Pork Nuggets & Polynesian Macaroni SaladThe Zen of deep frying goes like this: a calming method that involves accurate portions and timing and a deep-fry thermometer.

I was very pleased with all of it, in the “Pork Nuggets with Pineapple-Mustard Sweet & Sour Sauce,” from the October 2014 issue of Cuisine at Home (recipe below). My pork was brown in crispy in 3 minutes. My sauce was very sweet, thick, and quite spicy.

Pork Nuggets with Pineapple-Mustard Sweet & Sour Sauce
Cuisine at Home, October 2014
Makes 4 servings; 1 1/2 cups sauce

For the sauce, heat:
1 can crushed pineapple in juice (8 oz.)
1/3 cup sugar
1/4 cup rice vinegar
1 Tbsp. prepared yellow mustard
2 tsp. minced fresh ginger
1/2 tsp. red pepper flakes

1 Tbsp. cornstarch
1 Tbsp. water
Salt to taste

For the nuggets, combine:
1/4 cup cornstarch
2 tsp. kosher salt, divided
1/2 tsp. cayenne pepper
1/4 cup whole milk
1 egg
1 1/2 cups panko breadcrumbs

1 pork tenderloin (about 1 lb.), trimmed and cut into 1-inch pieces
Canola oil

For the sauce, heat pineapple, sugar, vinegar, mustard, ginger, and pepper flakes in a saucepan over medium until it simmers.

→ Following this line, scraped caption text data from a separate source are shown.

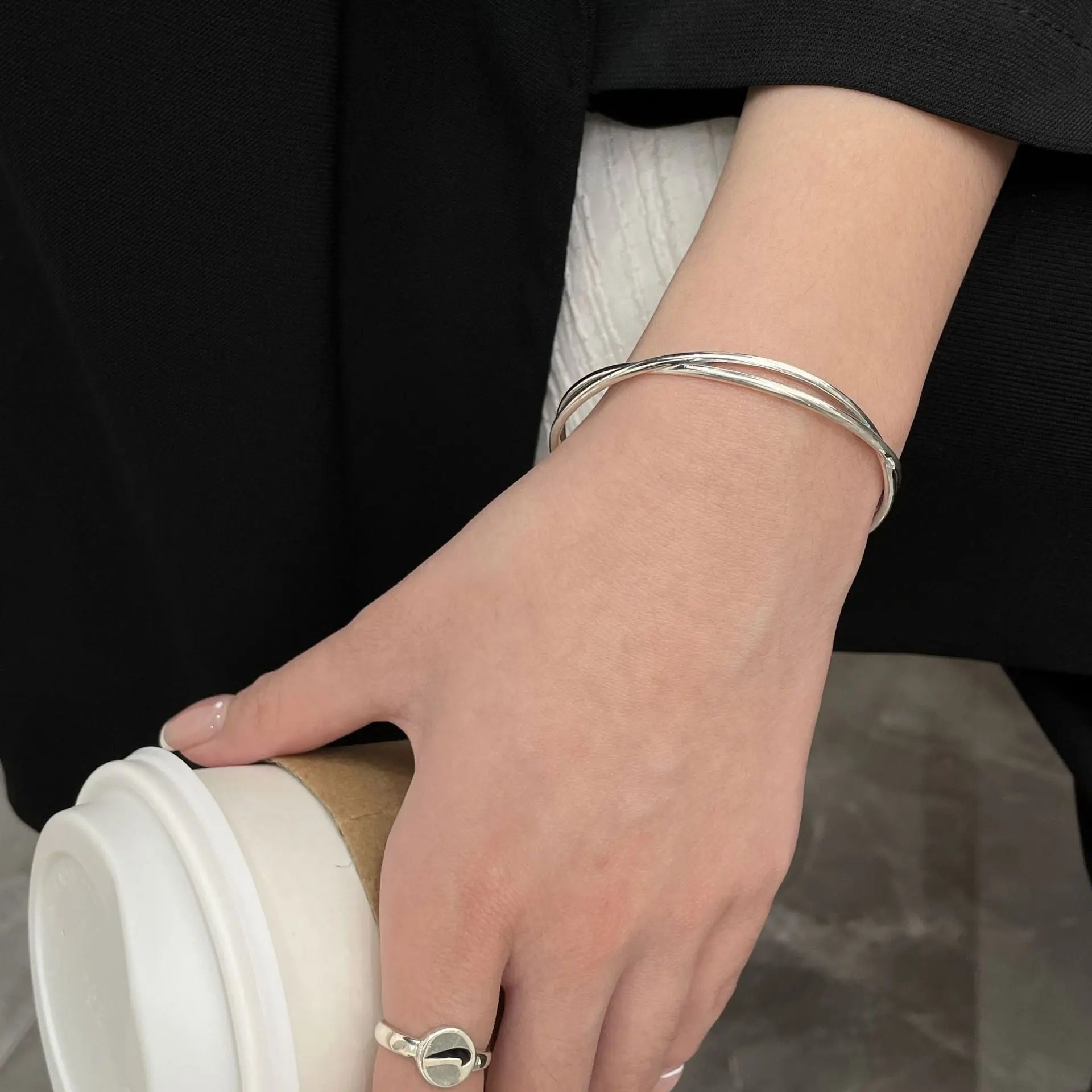 VINTAGE TEXTURE SILVER BANGLE Mira Gemini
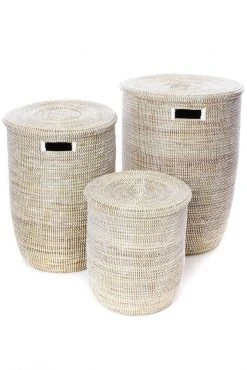 Swahili African Modern Solid White Classic Hamper Set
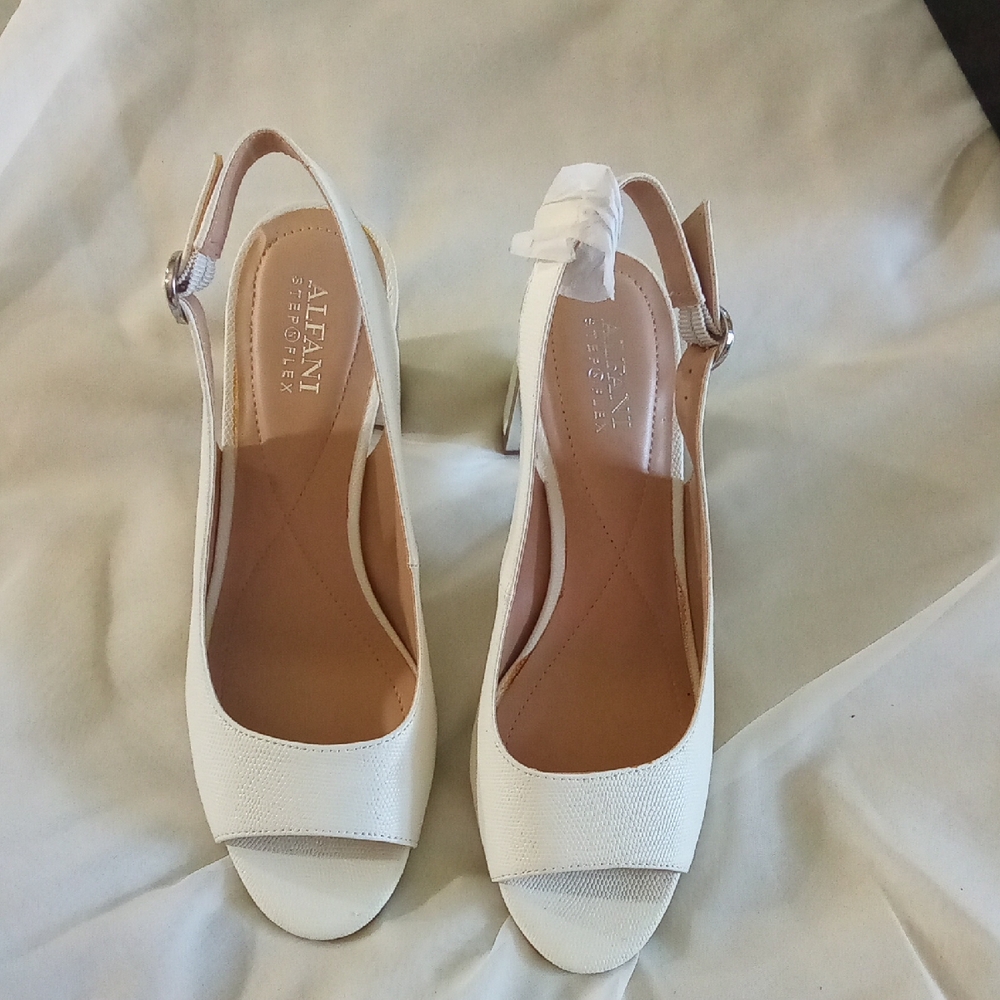 Alfani Cream of White Slingback Heels with Peep-Toe Design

Combine 1 Tbsp. cornstarch and water, then whisk into sauce until sauce thickens; season with salt.

For the nuggets, combine 1/4 cup cornstarch, 1 tsp. salt, and cayenne in a bowl. Whisk together milk and egg in a separate bowl. Combine panko and remaining 1 tsp. salt in a third bowl.

Toss pork pieces with cornstarch mixture to coat. Dip pork in milk-egg mixture; let excess drip off, then coat in panko mixture, pressing to adhere.

Heat 2 inches of oil in a large saucepan over medium-high to 350 degrees F. Fry pork, in 3 batches, until golden, 3 minutes per batch. Transfer nuggets to a paper-towel-lined plate and season with salt. Serve nuggets with sauce.

• • • • • • • • • • • • • • • • • • • • • • • • • • • • • • • • • • • • • • • • • • • • •

Know this about the pineapple sauce: you need not look for a can of “crushed” pineapple. Instead, I drained a 14-oz. can of pineapple chunks, and crushed them myself in my food processor. Easy. I added 1 tsp. salt to my sauce.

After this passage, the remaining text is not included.